Trending Topics

Police nationwide honor Texas boy who saved mom during Walmart shooting

Officers recognized nine-year-old Eduardo Mier for his ‘heroism and resiliency’

molina_112719_news.jpg

Lauren Villagran
El Paso Times

EL PASO, Texas — As the horror unfolding Aug. 3 in El Paso was broadcast around the world, a police officer in Boston switched over to coverage on Telemundo and was moved by the story of one 9-year-old boy.

There was Eduardo Mier on the screen, “upset and shaken,” Lt. Clara Molina said. The boy had saved the life of his mother, Ana Vitela, when she froze in fear during the gunman’s attack.
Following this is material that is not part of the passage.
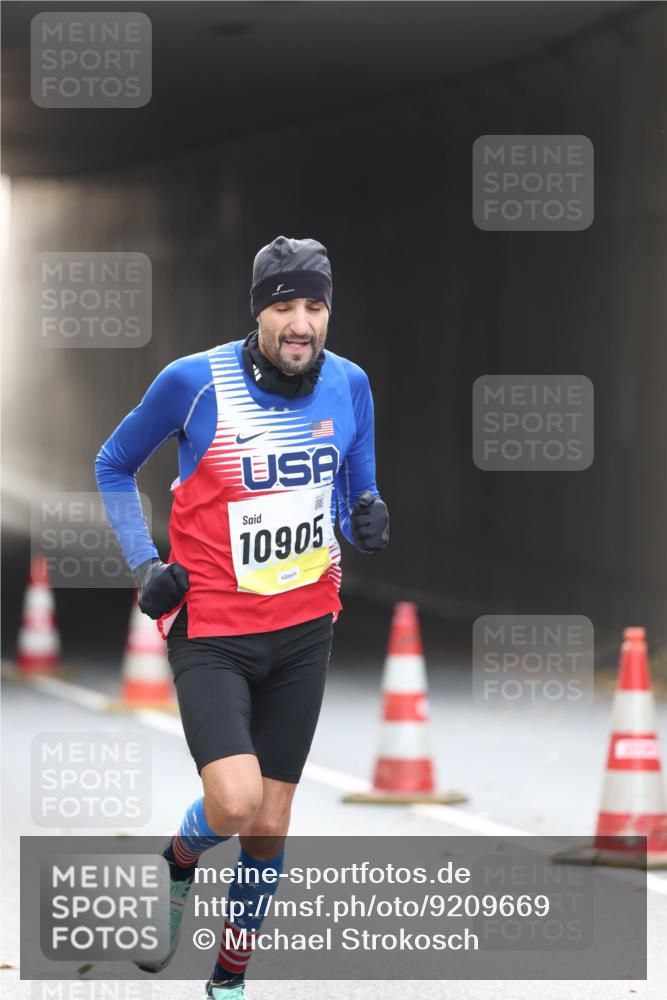 05.10.2025 - 20. swb-Marathon Bremen Michael Strokosch http://msf.ph/oto/9209669 05.10.2025 10:28:06 Laufen 10905 meine-sportfotos.de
Eduardo yanked his mother’s arm, pulling her to safety.

“Mamá, run because they’re shooting!” Eduardo recalled saying during the broadcast.

“I thought he would do something to us,” he said on Telemundo. “But God told me to pull my mom, that nothing would happen to us and he would be with us.”

Molina — a 26-year veteran of the University of Massachusetts at Boston Police Department who has a grandchild about Eduardo’s age — remembers hearing him say, “I want to be a police officer so I can save lives.”

“Immediately, I knew I needed to do something,” she said. “To say, ‘We are proud of your actions. We are so sorry that at your age you had to experience something like that.’ ”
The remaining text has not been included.